Estos crímenes, lejos de ser un daño colateral del conflicto, forman parte de una estrategia militar y política. La violencia sexual, usada aquí como arma de guerra, busca no solo someter a las mujeres, sino destruir las comunidades que las sostienen. En Kordofán del Sur, la población nuba ha sido particularmente objetivo de estas atrocidades. Su resistencia histórica y su identidad cultural son vistas como una amenaza por las RSF, que, con brutalidad metódica, intentan aniquilar cualquier oposición a su control.
En paralelo, la comunidad internacional ha mirado hacia otro lado. Las Naciones Unidas y la Unión Africana han emitido informes y recomendaciones, pero la realidad es que las mujeres y niñas sudanesas siguen siendo abandonadas. Los crímenes se cometen a plena luz del día, en aldeas conocidas y en bases militares, sin que ningún agresor rinda cuentas. Como una de las sobrevivientes declaró: «Nadie puede hacer nada. Solo puedo denunciarlo ante Dios».
Esclavitud sexual y la banalización del horror
Las cifras y los testimonios coinciden con hallazgos previos de la ONU y de otras organizaciones de derechos humanos. Lo que ocurre en Sudán no es un fenómeno nuevo: las RSF ya cometieron atrocidades similares en Darfur en 2023, y la violencia sexual generalizada ha sido documentada también en Jartum y otras ciudades desde el estallido del conflicto en abril de ese año. Sin embargo, cada nuevo informe reafirma lo que no debería ser normalizado: la esclavitud sexual es una práctica sistemática que debe ser tratada como un crimen de lesa humanidad.
En los testimonios recogidos, las sobrevivientes narran no solo el horror físico de las violaciones, sino también las condiciones de esclavitud a las que fueron sometidas. Fueron encadenadas, golpeadas y utilizadas como botín de guerra. Sus cuerpos no solo fueron invadidos, sino despojados de su humanidad. La comunidad internacional debe dejar de utilizar términos suaves y enfrentar la realidad: las mujeres y niñas sudanesas son esclavizadas y torturadas por actores armados que gozan de absoluta impunidad.
Una llamada urgente a la acción internacional
La ONU y la Unión Africana tienen el deber de actuar. No basta con documentar crímenes o emitir declaraciones condenatorias. Es urgente desplegar misiones de protección con recursos y mandatos claros para prevenir más violencia sexual, brindar atención integral a las sobrevivientes y garantizar que los perpetradores rindan cuentas.
Human Rights Watch ha pedido el apoyo de los Estados miembros de la ONU a la Misión Internacional Independiente de Determinación de los Hechos, pero hasta el momento, la justicia sigue siendo una quimera.
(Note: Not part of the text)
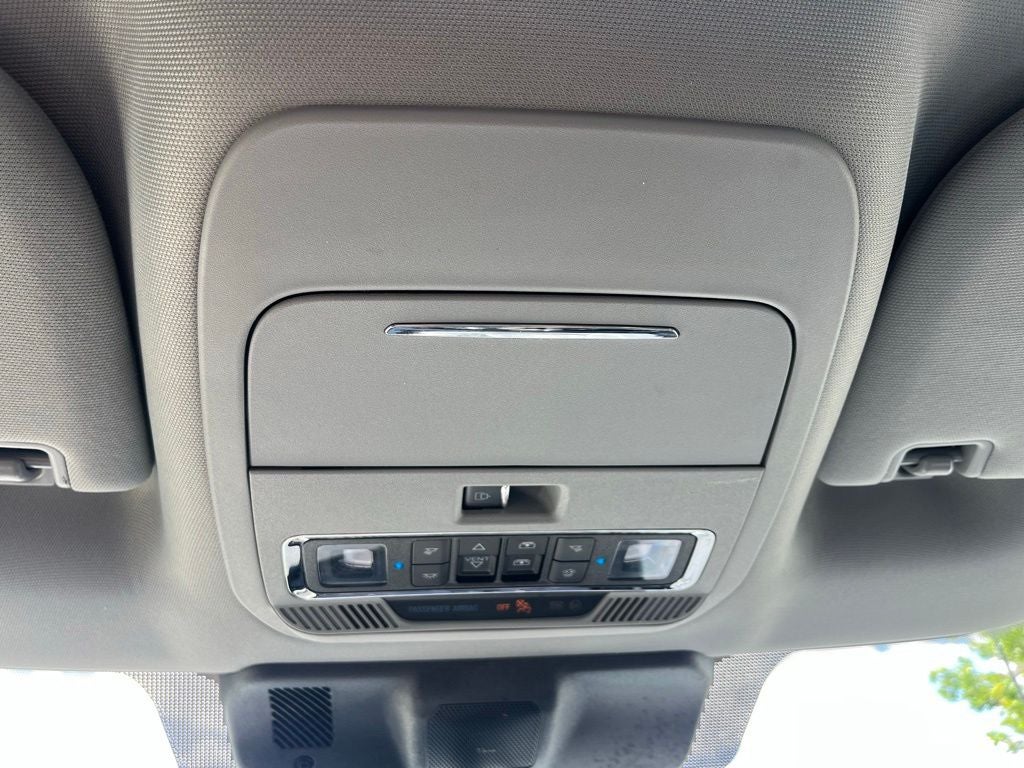 2023 Ford F-150 Lariat Hybrid 4WD | Pano Roof | Trailer Tow Pkg | BLIS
La falta de acción no solo perpetúa la violencia, sino que también envía un mensaje devastador: los cuerpos de las mujeres en Sudán son territorio de guerra y nadie vendrá en su ayuda.
Como bien señaló Belkis Wille: «Las víctimas sudanesas apenas han tenido acceso a servicios, y mucho menos a reparación o esfuerzos concretos para detener estos horrendos crímenes». Mientras tanto, las mujeres de Kordofán del Sur continúan siendo abandonadas, con sus cuerpos y vidas convertidos en folios de una barbarie que nadie quiere leer. La justicia no puede seguir siendo solo un concepto para las mujeres de Sudán.